> _Extracted data_

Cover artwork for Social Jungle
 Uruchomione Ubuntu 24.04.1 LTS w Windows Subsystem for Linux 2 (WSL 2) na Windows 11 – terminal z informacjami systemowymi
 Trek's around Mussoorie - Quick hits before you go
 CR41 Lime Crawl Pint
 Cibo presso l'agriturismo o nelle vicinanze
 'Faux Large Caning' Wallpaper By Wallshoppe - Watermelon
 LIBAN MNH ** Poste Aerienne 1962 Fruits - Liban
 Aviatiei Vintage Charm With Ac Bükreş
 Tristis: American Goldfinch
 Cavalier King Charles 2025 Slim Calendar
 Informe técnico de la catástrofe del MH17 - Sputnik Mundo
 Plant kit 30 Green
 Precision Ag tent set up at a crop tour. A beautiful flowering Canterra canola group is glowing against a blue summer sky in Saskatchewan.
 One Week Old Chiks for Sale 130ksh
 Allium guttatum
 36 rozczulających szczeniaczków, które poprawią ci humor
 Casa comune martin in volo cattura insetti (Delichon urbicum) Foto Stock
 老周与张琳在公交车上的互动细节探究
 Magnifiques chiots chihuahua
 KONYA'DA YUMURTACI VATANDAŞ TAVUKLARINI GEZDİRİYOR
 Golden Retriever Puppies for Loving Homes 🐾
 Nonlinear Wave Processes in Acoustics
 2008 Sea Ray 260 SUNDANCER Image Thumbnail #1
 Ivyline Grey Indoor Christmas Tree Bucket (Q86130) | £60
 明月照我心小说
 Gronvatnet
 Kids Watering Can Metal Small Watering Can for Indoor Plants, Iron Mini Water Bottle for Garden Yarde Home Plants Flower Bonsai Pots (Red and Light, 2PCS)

> _Task to carry out_
Whenever the word "Indoor" shows up in a line of the entries above, copy that line.

> _Response area_
 Ivyline Grey Indoor Christmas Tree Bucket (Q86130) | £60
 Kids Watering Can Metal Small Watering Can for Indoor Plants, Iron Mini Water Bottle for Garden Yarde Home Plants Flower Bonsai Pots (Red and Light, 2PCS)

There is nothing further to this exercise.